This article caught my eye for two reasons: 1. I am an incredibly nostalgic person and oftentimes will sink into deep rose-tinted reveries for a few minutes every hour or so and, 2. I was a Star Wars kid growing up.
I was among the legions of fans waiting in line for the first prequel to come out to catch it at midnight. I went and saw all three re-releases when they hit the theaters again. I dated a guy in college who had a Count Dooku replica lightsaber and a jedi cloak and I found that to be cool. I read all of the Kevin J. Anderson Star Wars novels. I have a stuffed Ewok at home, a small army of Pez dispensers and a Star Wars leather jacket. I LOVE Star Wars. And, like many of my fellow Star Wars fans, I hate George Lucas.
An article appearing on the website VeryEvolved talks about the Neuroscience of Nostalgia and why Lucas did more than just create an appalling series of prequels, but assaulted our very neurons.
From the article:
"Our brain isn’t the hard drive of a computer, and our memories aren’t hard coded and unchangeable. Every time you recall a memory it may become subtly altered and associated with what ever it was that triggered that old memory. If this trigger happens repeatedly, then you’re adding new layer of interpretation that will be recalled automatically with the old memory next time it’s called up.
A great example of this in action that also demonstrates fluid nostalgia, is the backlash against George Lucas.
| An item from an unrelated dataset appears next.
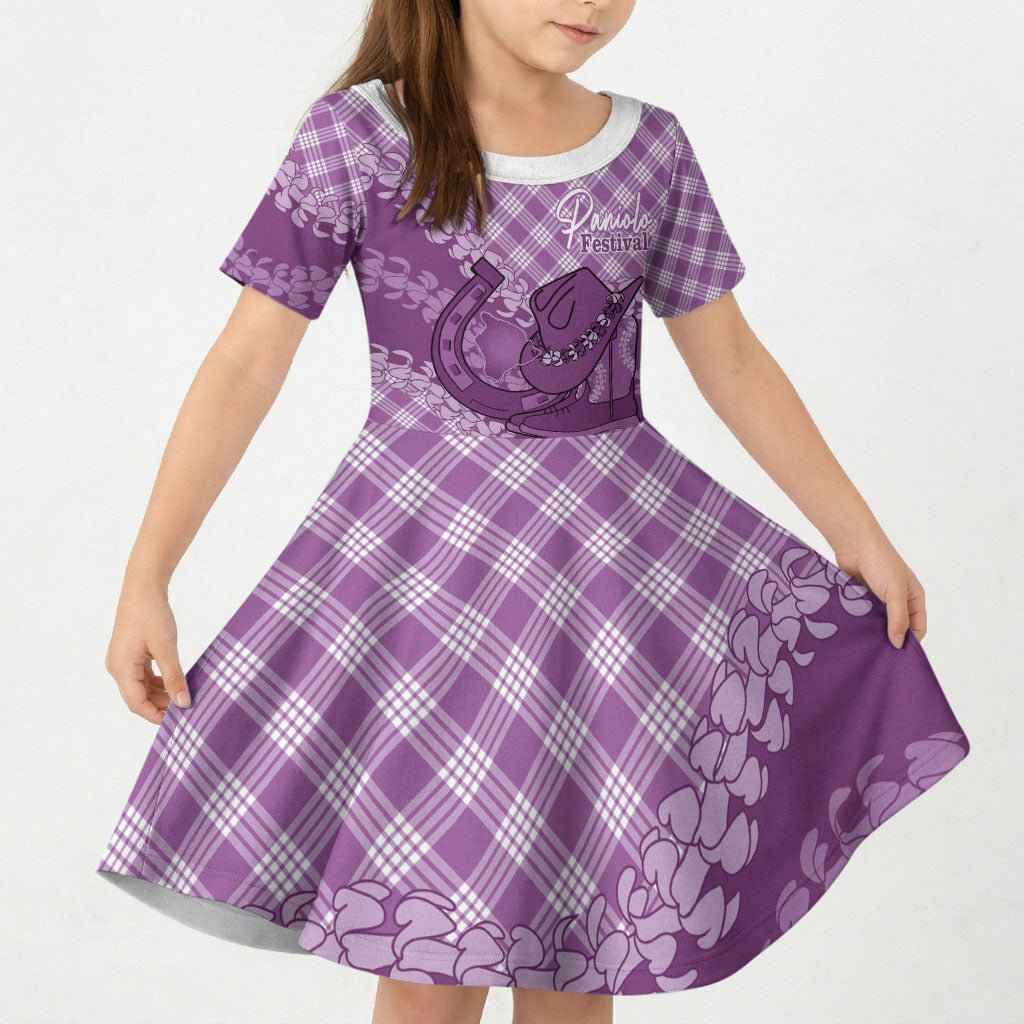 Poni Hawaii Cowboy Palaka Motifs Personalised Kid Short Sleeve Dress Paniolo Festival Puakenikeni Lei LT14 KID Purple - Polynesian Pride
A large portion of 70’s and 80’s children had grown up owning Luke Skywalker and Darth Vader figures and playing in the backyard pretending sticks were light sabers. Fond childhood memories.
When the first abysmal Star Wars Prequel was released the strong feelings against the film weren’t just those of disappointment at a bad movie. If it were that simple, we should also feel the same way about Police Academy 7.
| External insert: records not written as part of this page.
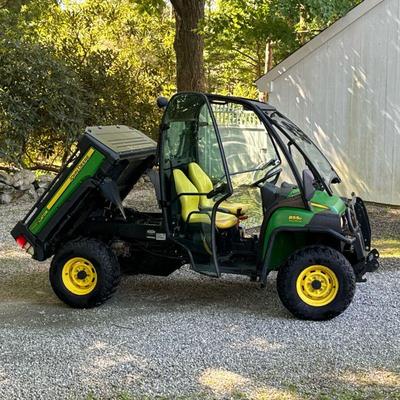DIESEL JOHN DEERE GATOR 855D 4X4 SIDE-BY-SIDE WITH DUMP BED | 855D John Deere side-by-side with enclosed cab with glass doors, power...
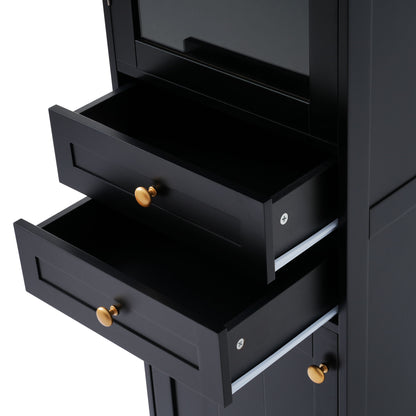 Tall Bathroom Storage Cabinet With Glass Doors, Free-Standing, Two Drawers, And Adjustable Shelves, MDF Board, Painted Perfect For Displaying Your Favorite Items - Black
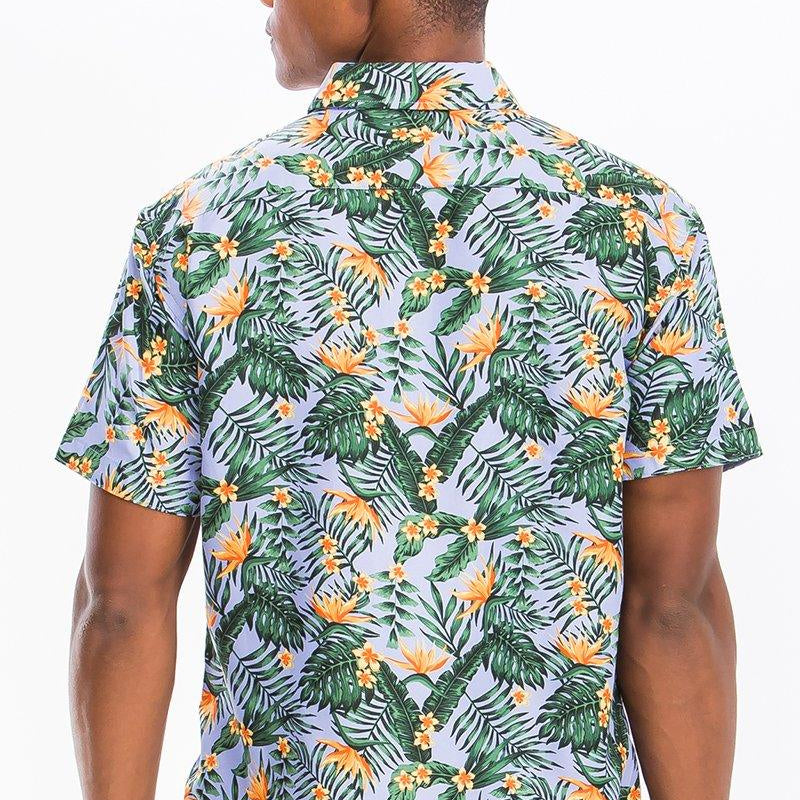 Men's Shirts Mens Orange Hawaiian Print Button Down Shirt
The reaction can be partly explained by the sense of attack on our previously fond feelings. Watching the new movie automatically calls up memories from the previous series and all the pleasant childhood playtime memories associated with it. But recalling these fond memories in the context of a negative experience begins the process of re-coding, or modifying our old memories. This is an undesirable outcome for nostalgia as it is usually such a pleasant feeling. Naturally there is some resistance and cognitive dissonance when this happens and the brain will try to avoid it like any other unpleasant experience.